It sounds like it's only a matter of time before the abuse becomes physical. Since he has already pulled a knife on you, there's no telling what he's capable of. Get out ASAP with your kids. That's what women's shelters are for. If he wants his family back, he'll do the work to make it so. If not, then you did not lose anything because you didn't truly have anything.


----------



## lost2010

Oh Honey! PLEASE PLEASE PLEASE get out of there! Friends, family, shelter, anything. This screams at me that matter will unfold to get worse than the already horrible things you are dealing with. YOU DO NO DESERVE TO BE TREATED THIS WAY. You need to tell yourself that. Everyday. The chatting is understandable rrelease from what you are dealing with but please be careful- tread soflty until you are out of that house! (or he is out of it- whichever)


----------



## lastinline

I think the other posts are dead on. You need to leave. What you are writing about is scary stuff. I'll be direct with you carolinagirl99, your cyber-boyfriend (CBF) is not the answer. He is a distraction and a dangerous one at that because his "support" allows provides you enough comfort to stay in this horrible situation.
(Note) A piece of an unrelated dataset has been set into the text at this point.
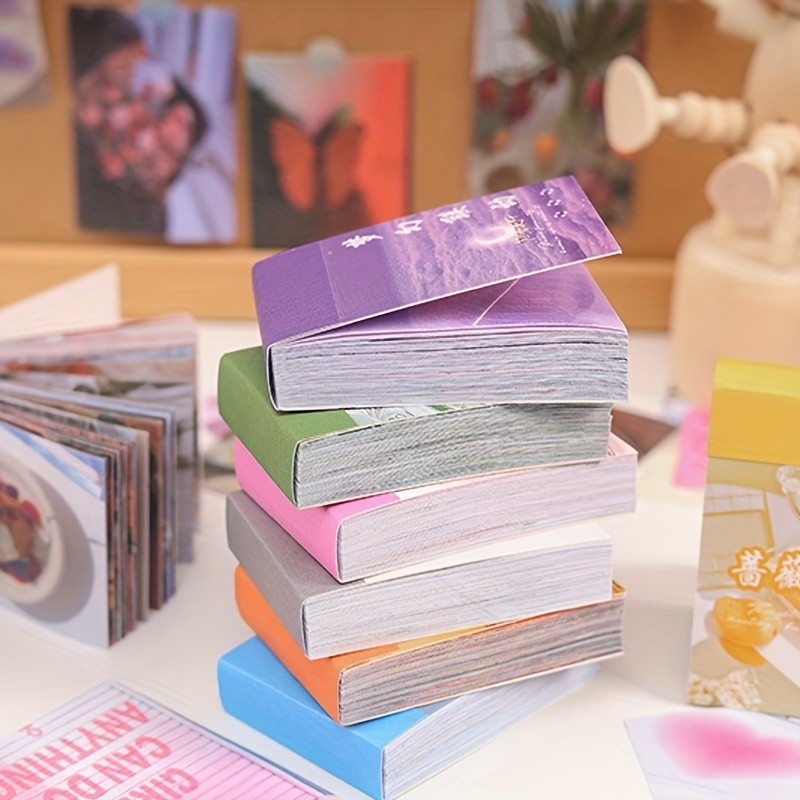 

50 pcs Beautiful scenery Mini Stickers book Decorative Scrapbooking Diary Album handmade Junk Journal Supplies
Trust me if things go south, your CBF's rapidly texting 911 will be of little comfort, use, or help to you and your children.

LIL


----------



## lost2010

lastinline said:


> I think the other posts are dead on. You need to leave. What you are writing about is scary stuff. I'll be direct with you carolinagirl99, your cyber-boyfriend (CBF) is not the answer. He is a distraction and a dangerous one at that because his "support" allows provides you enough comfort to stay in this horrible situation.
> 
> Trust me if things go south, your CBF's rapidly texting 911 will be of little comfort, use, or help to you and your children.
> 
> LIL


VERY WELL SAID I couldn't agree more.


----------